DIRECTIONS —
Produce a verbatim transcription of all records.
━━━ INPUT DATA ━━━
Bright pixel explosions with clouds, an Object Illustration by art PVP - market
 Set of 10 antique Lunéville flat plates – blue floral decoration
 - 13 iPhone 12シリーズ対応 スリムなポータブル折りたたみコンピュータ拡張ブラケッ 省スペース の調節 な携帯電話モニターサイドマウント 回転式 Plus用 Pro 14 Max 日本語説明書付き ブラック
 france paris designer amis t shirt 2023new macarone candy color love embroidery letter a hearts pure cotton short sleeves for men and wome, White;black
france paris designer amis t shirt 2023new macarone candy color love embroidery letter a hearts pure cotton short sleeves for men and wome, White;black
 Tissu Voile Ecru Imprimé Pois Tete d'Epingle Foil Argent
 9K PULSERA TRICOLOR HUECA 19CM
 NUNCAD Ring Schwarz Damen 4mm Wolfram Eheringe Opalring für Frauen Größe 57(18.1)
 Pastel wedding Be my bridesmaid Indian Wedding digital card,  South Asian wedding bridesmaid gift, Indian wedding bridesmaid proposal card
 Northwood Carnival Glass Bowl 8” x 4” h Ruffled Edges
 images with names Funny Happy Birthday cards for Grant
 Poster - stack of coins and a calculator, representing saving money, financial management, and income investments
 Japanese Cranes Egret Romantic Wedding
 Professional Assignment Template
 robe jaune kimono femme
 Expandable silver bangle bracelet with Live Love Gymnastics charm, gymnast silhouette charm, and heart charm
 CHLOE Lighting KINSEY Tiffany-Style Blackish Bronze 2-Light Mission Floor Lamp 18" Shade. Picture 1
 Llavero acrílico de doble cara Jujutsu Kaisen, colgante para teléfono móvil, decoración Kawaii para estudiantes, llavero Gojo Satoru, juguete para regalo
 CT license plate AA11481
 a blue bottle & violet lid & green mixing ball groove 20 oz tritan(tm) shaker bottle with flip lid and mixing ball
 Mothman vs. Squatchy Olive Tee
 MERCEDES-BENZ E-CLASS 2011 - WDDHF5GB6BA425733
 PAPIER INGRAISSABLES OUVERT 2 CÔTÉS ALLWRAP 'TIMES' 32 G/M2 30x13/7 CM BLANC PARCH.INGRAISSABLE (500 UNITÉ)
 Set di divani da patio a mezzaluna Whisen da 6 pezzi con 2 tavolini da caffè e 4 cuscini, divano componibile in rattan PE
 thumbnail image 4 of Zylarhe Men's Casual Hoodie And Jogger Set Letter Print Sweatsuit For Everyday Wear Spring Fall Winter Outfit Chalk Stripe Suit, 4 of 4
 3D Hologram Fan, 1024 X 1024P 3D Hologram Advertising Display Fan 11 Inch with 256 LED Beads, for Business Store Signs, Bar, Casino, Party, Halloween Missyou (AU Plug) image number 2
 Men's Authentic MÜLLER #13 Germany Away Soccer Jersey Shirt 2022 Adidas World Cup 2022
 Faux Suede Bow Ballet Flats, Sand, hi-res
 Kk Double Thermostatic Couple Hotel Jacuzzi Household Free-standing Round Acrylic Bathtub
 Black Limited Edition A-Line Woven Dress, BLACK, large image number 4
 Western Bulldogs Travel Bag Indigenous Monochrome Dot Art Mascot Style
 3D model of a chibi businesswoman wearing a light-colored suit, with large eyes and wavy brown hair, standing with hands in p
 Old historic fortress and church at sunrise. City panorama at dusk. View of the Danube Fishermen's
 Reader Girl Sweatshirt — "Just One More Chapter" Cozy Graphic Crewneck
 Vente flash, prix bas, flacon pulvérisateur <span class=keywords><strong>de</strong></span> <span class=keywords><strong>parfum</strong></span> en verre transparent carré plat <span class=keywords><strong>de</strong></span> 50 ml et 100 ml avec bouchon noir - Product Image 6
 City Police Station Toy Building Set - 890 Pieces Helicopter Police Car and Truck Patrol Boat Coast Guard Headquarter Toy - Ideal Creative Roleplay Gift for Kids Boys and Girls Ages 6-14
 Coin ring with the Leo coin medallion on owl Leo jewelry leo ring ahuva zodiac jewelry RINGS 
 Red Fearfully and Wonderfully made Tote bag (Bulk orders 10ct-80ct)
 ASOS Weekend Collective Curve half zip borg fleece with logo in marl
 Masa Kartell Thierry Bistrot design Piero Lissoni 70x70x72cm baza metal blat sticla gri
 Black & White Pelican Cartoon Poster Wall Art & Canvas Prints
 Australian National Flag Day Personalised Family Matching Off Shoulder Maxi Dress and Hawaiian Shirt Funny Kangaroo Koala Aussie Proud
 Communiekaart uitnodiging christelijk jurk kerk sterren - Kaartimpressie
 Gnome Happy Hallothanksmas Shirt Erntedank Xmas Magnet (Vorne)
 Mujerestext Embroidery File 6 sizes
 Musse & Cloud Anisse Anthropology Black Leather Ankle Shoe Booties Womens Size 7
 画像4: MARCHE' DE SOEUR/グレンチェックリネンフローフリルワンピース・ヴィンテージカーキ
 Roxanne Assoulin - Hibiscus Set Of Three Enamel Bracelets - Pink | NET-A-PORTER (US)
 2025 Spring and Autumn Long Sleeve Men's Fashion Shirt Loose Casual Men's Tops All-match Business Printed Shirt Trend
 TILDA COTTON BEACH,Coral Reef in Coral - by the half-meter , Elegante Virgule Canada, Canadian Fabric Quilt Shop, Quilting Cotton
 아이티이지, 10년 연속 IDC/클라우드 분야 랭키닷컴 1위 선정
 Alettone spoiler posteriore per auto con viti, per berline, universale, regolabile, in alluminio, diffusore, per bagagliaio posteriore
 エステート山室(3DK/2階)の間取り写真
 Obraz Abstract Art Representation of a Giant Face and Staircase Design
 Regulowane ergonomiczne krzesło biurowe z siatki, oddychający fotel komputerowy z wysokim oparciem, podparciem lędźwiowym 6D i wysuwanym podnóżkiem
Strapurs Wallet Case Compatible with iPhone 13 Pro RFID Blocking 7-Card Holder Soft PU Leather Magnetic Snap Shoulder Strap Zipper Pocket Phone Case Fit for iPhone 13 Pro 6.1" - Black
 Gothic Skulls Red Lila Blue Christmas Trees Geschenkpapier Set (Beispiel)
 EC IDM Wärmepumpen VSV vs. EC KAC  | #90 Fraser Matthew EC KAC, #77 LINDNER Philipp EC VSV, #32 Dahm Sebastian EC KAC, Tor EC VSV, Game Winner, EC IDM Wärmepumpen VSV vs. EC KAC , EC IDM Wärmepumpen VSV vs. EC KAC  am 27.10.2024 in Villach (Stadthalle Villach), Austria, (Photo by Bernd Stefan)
━━━
RESPONSE TO THIS TASK —
Bright pixel explosions with clouds, an Object Illustration by art PVP - market
 Set of 10 antique Lunéville flat plates – blue floral decoration
 - 13 iPhone 12シリーズ対応 スリムなポータブル折りたたみコンピュータ拡張ブラケッ 省スペース の調節 な携帯電話モニターサイドマウント 回転式 Plus用 Pro 14 Max 日本語説明書付き ブラック
 france paris designer amis t shirt 2023new macarone candy color love embroidery letter a hearts pure cotton short sleeves for men and wome, White;black
france paris designer amis t shirt 2023new macarone candy color love embroidery letter a hearts pure cotton short sleeves for men and wome, White;black
 Tissu Voile Ecru Imprimé Pois Tete d'Epingle Foil Argent
 9K PULSERA TRICOLOR HUECA 19CM
 NUNCAD Ring Schwarz Damen 4mm Wolfram Eheringe Opalring für Frauen Größe 57(18.1)
 Pastel wedding Be my bridesmaid Indian Wedding digital card,  South Asian wedding bridesmaid gift, Indian wedding bridesmaid proposal card
 Northwood Carnival Glass Bowl 8” x 4” h Ruffled Edges
 images with names Funny Happy Birthday cards for Grant
 Poster - stack of coins and a calculator, representing saving money, financial management, and income investments
 Japanese Cranes Egret Romantic Wedding
 Professional Assignment Template
 robe jaune kimono femme
 Expandable silver bangle bracelet with Live Love Gymnastics charm, gymnast silhouette charm, and heart charm
 CHLOE Lighting KINSEY Tiffany-Style Blackish Bronze 2-Light Mission Floor Lamp 18" Shade. Picture 1
 Llavero acrílico de doble cara Jujutsu Kaisen, colgante para teléfono móvil, decoración Kawaii para estudiantes, llavero Gojo Satoru, juguete para regalo
 CT license plate AA11481
 a blue bottle & violet lid & green mixing ball groove 20 oz tritan(tm) shaker bottle with flip lid and mixing ball
 Mothman vs. Squatchy Olive Tee
 MERCEDES-BENZ E-CLASS 2011 - WDDHF5GB6BA425733
 PAPIER INGRAISSABLES OUVERT 2 CÔTÉS ALLWRAP 'TIMES' 32 G/M2 30x13/7 CM BLANC PARCH.INGRAISSABLE (500 UNITÉ)
 Set di divani da patio a mezzaluna Whisen da 6 pezzi con 2 tavolini da caffè e 4 cuscini, divano componibile in rattan PE
 thumbnail image 4 of Zylarhe Men's Casual Hoodie And Jogger Set Letter Print Sweatsuit For Everyday Wear Spring Fall Winter Outfit Chalk Stripe Suit, 4 of 4
 3D Hologram Fan, 1024 X 1024P 3D Hologram Advertising Display Fan 11 Inch with 256 LED Beads, for Business Store Signs, Bar, Casino, Party, Halloween Missyou (AU Plug) image number 2
 Men's Authentic MÜLLER #13 Germany Away Soccer Jersey Shirt 2022 Adidas World Cup 2022
 Faux Suede Bow Ballet Flats, Sand, hi-res
 Kk Double Thermostatic Couple Hotel Jacuzzi Household Free-standing Round Acrylic Bathtub
 Black Limited Edition A-Line Woven Dress, BLACK, large image number 4
 Western Bulldogs Travel Bag Indigenous Monochrome Dot Art Mascot Style
 3D model of a chibi businesswoman wearing a light-colored suit, with large eyes and wavy brown hair, standing with hands in p
 Old historic fortress and church at sunrise. City panorama at dusk. View of the Danube Fishermen's
 Reader Girl Sweatshirt — "Just One More Chapter" Cozy Graphic Crewneck
 Vente flash, prix bas, flacon pulvérisateur <span class=keywords><strong>de</strong></span> <span class=keywords><strong>parfum</strong></span> en verre transparent carré plat <span class=keywords><strong>de</strong></span> 50 ml et 100 ml avec bouchon noir - Product Image 6
 City Police Station Toy Building Set - 890 Pieces Helicopter Police Car and Truck Patrol Boat Coast Guard Headquarter Toy - Ideal Creative Roleplay Gift for Kids Boys and Girls Ages 6-14
 Coin ring with the Leo coin medallion on owl Leo jewelry leo ring ahuva zodiac jewelry RINGS 
 Red Fearfully and Wonderfully made Tote bag (Bulk orders 10ct-80ct)
 ASOS Weekend Collective Curve half zip borg fleece with logo in marl
 Masa Kartell Thierry Bistrot design Piero Lissoni 70x70x72cm baza metal blat sticla gri
 Black & White Pelican Cartoon Poster Wall Art & Canvas Prints
 Australian National Flag Day Personalised Family Matching Off Shoulder Maxi Dress and Hawaiian Shirt Funny Kangaroo Koala Aussie Proud
 Communiekaart uitnodiging christelijk jurk kerk sterren - Kaartimpressie
 Gnome Happy Hallothanksmas Shirt Erntedank Xmas Magnet (Vorne)
 Mujerestext Embroidery File 6 sizes
 Musse & Cloud Anisse Anthropology Black Leather Ankle Shoe Booties Womens Size 7
 画像4: MARCHE' DE SOEUR/グレンチェックリネンフローフリルワンピース・ヴィンテージカーキ
 Roxanne Assoulin - Hibiscus Set Of Three Enamel Bracelets - Pink | NET-A-PORTER (US)
 2025 Spring and Autumn Long Sleeve Men's Fashion Shirt Loose Casual Men's Tops All-match Business Printed Shirt Trend
 TILDA COTTON BEACH,Coral Reef in Coral - by the half-meter , Elegante Virgule Canada, Canadian Fabric Quilt Shop, Quilting Cotton
 아이티이지, 10년 연속 IDC/클라우드 분야 랭키닷컴 1위 선정
 Alettone spoiler posteriore per auto con viti, per berline, universale, regolabile, in alluminio, diffusore, per bagagliaio posteriore
 エステート山室(3DK/2階)の間取り写真
 Obraz Abstract Art Representation of a Giant Face and Staircase Design
 Regulowane ergonomiczne krzesło biurowe z siatki, oddychający fotel komputerowy z wysokim oparciem, podparciem lędźwiowym 6D i wysuwanym podnóżkiem
Strapurs Wallet Case Compatible with iPhone 13 Pro RFID Blocking 7-Card Holder Soft PU Leather Magnetic Snap Shoulder Strap Zipper Pocket Phone Case Fit for iPhone 13 Pro 6.1" - Black
 Gothic Skulls Red Lila Blue Christmas Trees Geschenkpapier Set (Beispiel)
 EC IDM Wärmepumpen VSV vs. EC KAC  | #90 Fraser Matthew EC KAC, #77 LINDNER Philipp EC VSV, #32 Dahm Sebastian EC KAC, Tor EC VSV, Game Winner, EC IDM Wärmepumpen VSV vs. EC KAC , EC IDM Wärmepumpen VSV vs. EC KAC  am 27.10.2024 in Villach (Stadthalle Villach), Austria, (Photo by Bernd Stefan)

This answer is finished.